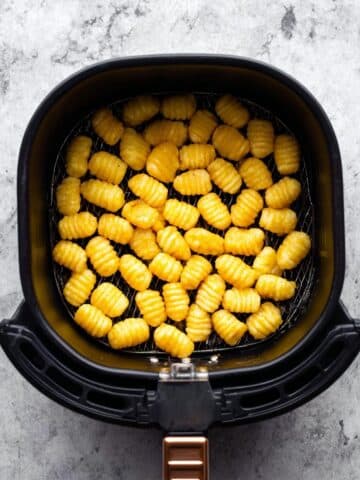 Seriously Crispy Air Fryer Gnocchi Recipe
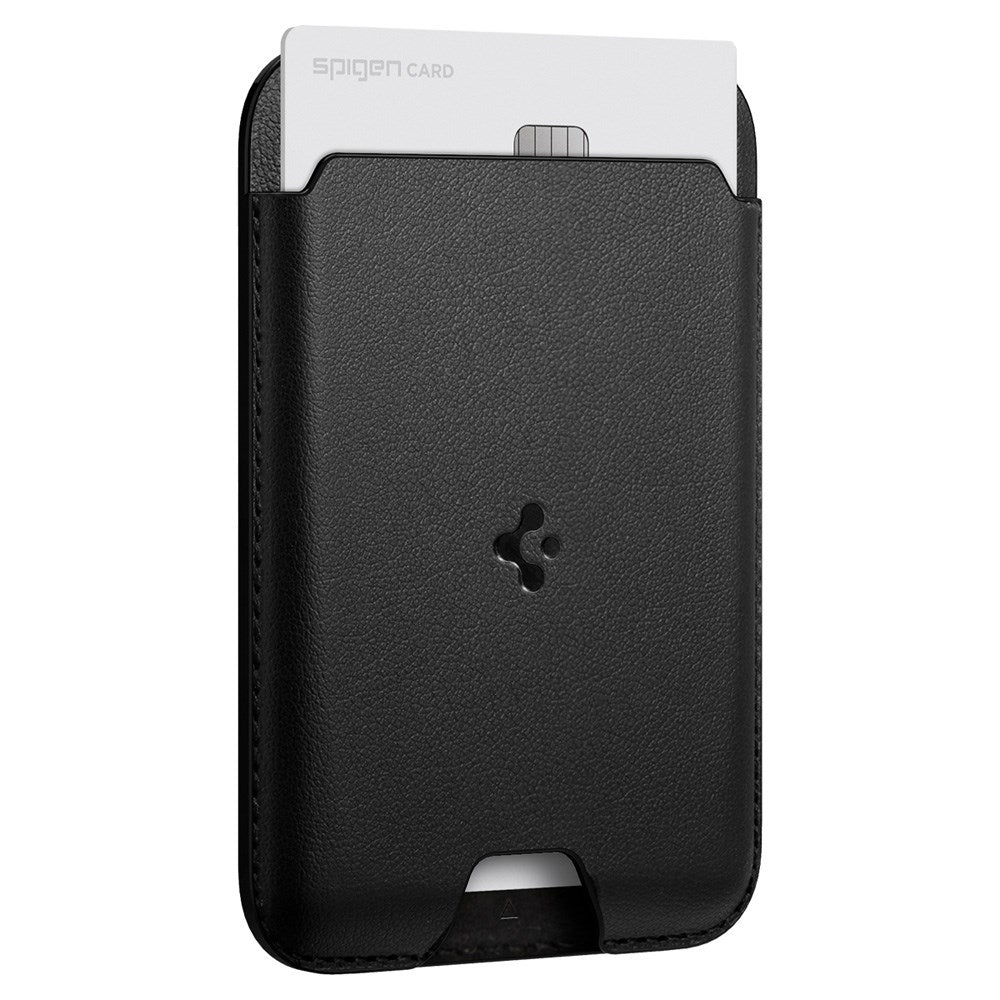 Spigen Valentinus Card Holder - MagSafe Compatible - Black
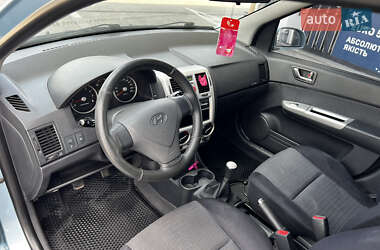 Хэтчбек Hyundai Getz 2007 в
---
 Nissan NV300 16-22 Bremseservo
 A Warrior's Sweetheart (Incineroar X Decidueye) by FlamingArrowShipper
* * *
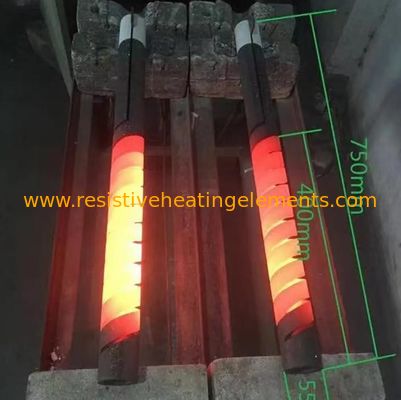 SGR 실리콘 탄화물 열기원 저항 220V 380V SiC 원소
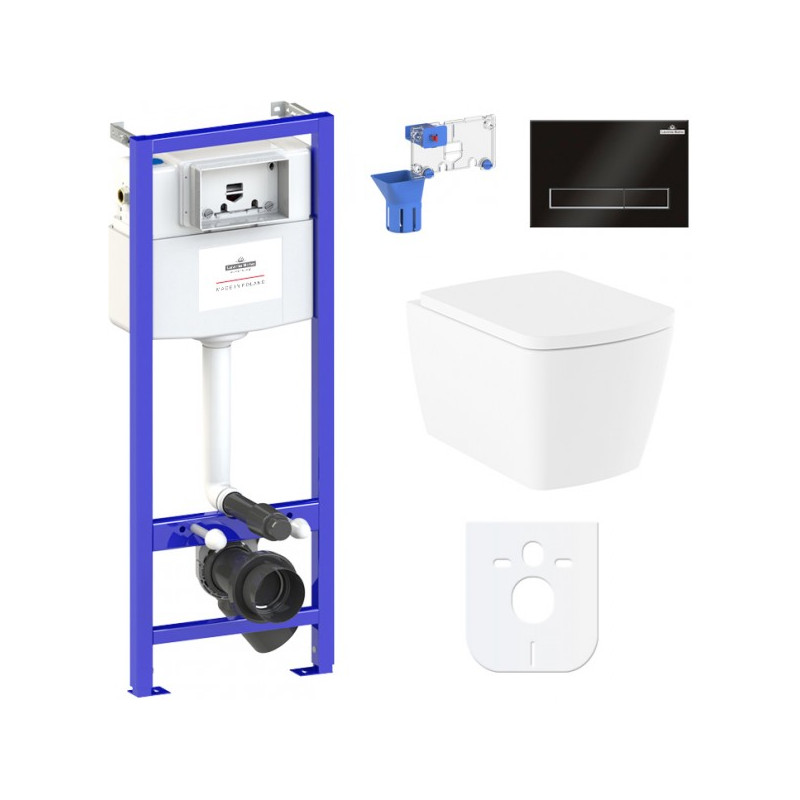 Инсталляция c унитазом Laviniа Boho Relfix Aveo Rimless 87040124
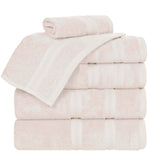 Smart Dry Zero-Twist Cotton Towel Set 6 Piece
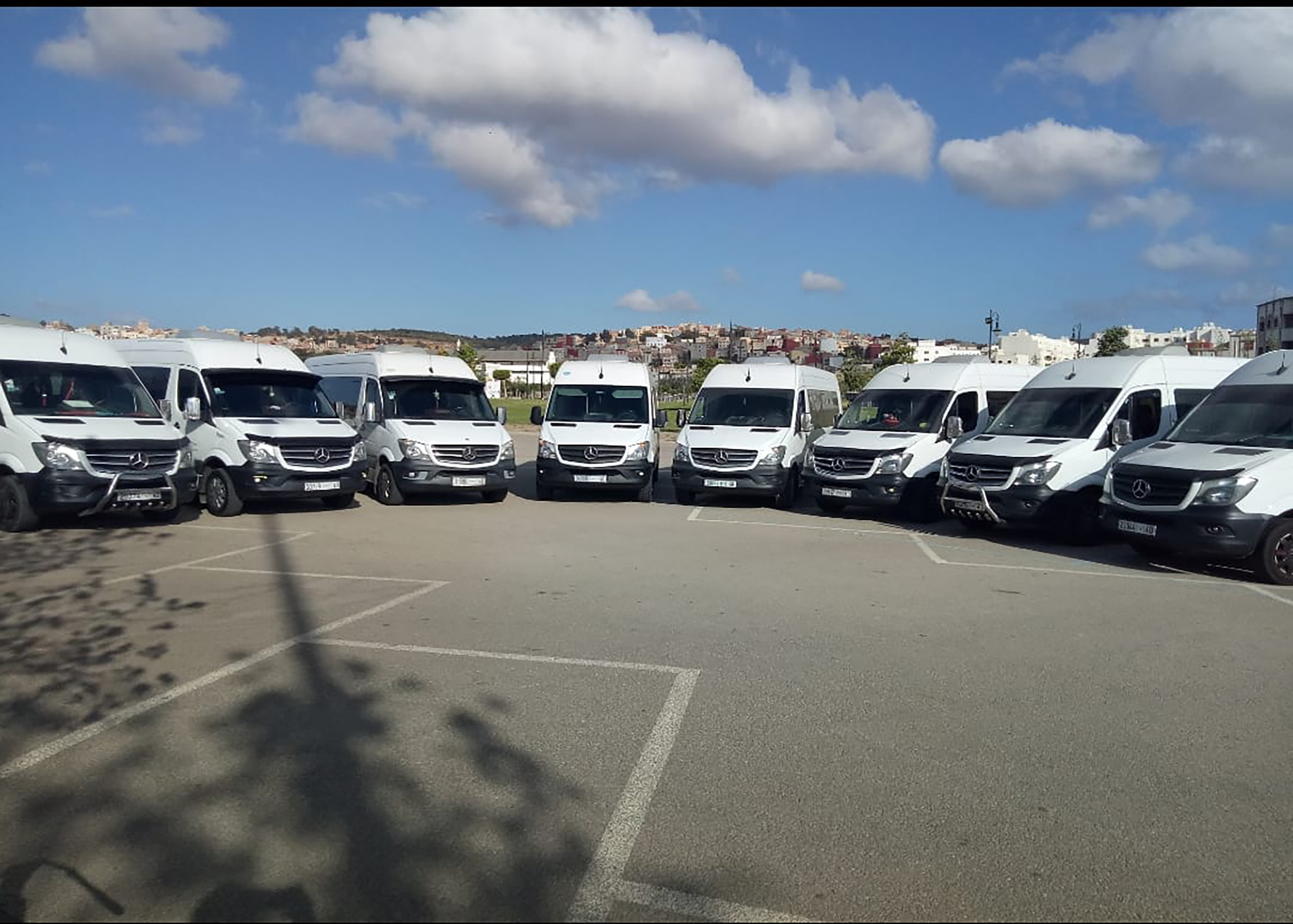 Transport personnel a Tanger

**PROBLEM TO SOLVE**
Look above for the line with "Smart Dry Zero-Twist" and the line with "Transport personnel a Tanger", then copy exactly the lines from the first through the second, both kept, with no pictures.

**EXERCISE OUTPUT**
 Smart Dry Zero-Twist Cotton Towel Set 6 Piece
 Transport personnel a Tanger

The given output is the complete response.